Le projet de directive de l’UE sur le secret des affaires actuellement en discussion représente un terrible danger pour le journalisme d’investigation. Cinq organisations, Reporters sans frontières (RSF), la Fédération européenne des journalistes (FEJ), l’Association européenne des éditeurs de journaux (ENPA), l’Association européenne des médias magazines (EMMA) et l’Union européenne des radios-télévisions (UER) exhortent les institutions européennes à modifier le projet, afin qu’il ne porte pas un coup fatal à la possibilité d’enquêter sur le monde du business et de l’entreprise. Si des garanties dignes de ce nom ne sont pas adoptées, les institutions européennes doivent rejeter le texte.

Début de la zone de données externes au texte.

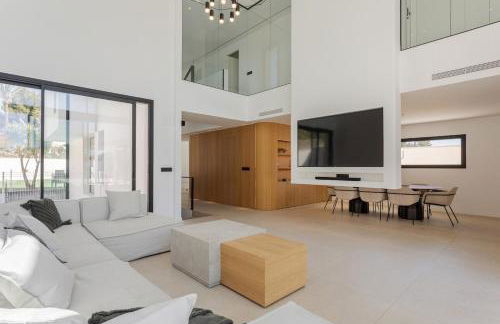 Ultra-Modern 5-Bed Luxury Chalet with Private Pool & Home Cinema 13 Min To Beach - Foto 6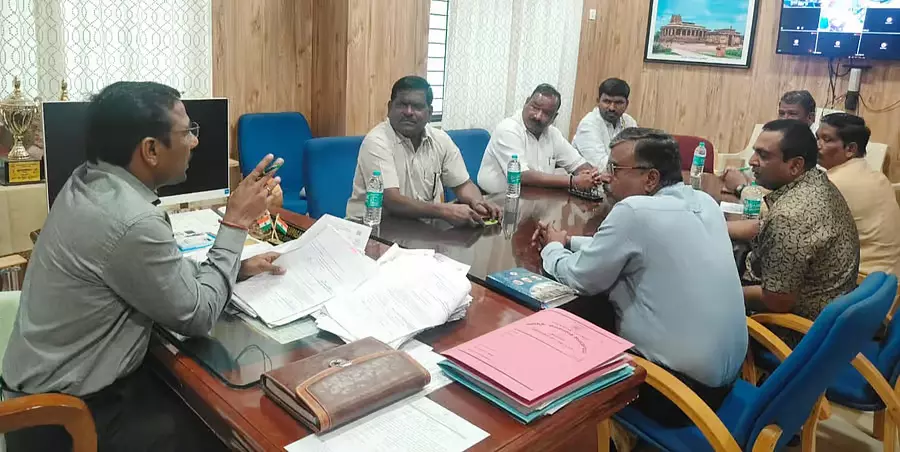बस स्टैंड पर अतिक्रमण को लेकर फिर जारी हुआ नोटिस: Subhash Sampagavi बस स्टैंड पर अतिक्रमण को लेकर फिर जारी हुआ नोटिस: Subhash Sampagavi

Proposé en 2013 par la Commission européenne, le projet de directive actuellement en cours de négociations en "trilogue" entre la Commission, le Conseil et le Parlement, devrait être adopté prochainement. Son objectif est d'harmoniser la protection contre l'espionnage industriel et la concurrence déloyale au sein de l'UE. Son impact pourrait être désastreux, voire destructeur pour le journalisme d’investigation. Même dans le cadre de leur mission d’information du public, les journalistes pourraient en effet être poursuivis s’ils détiennent ou utilisent une information définie comme un « secret d’affaires ».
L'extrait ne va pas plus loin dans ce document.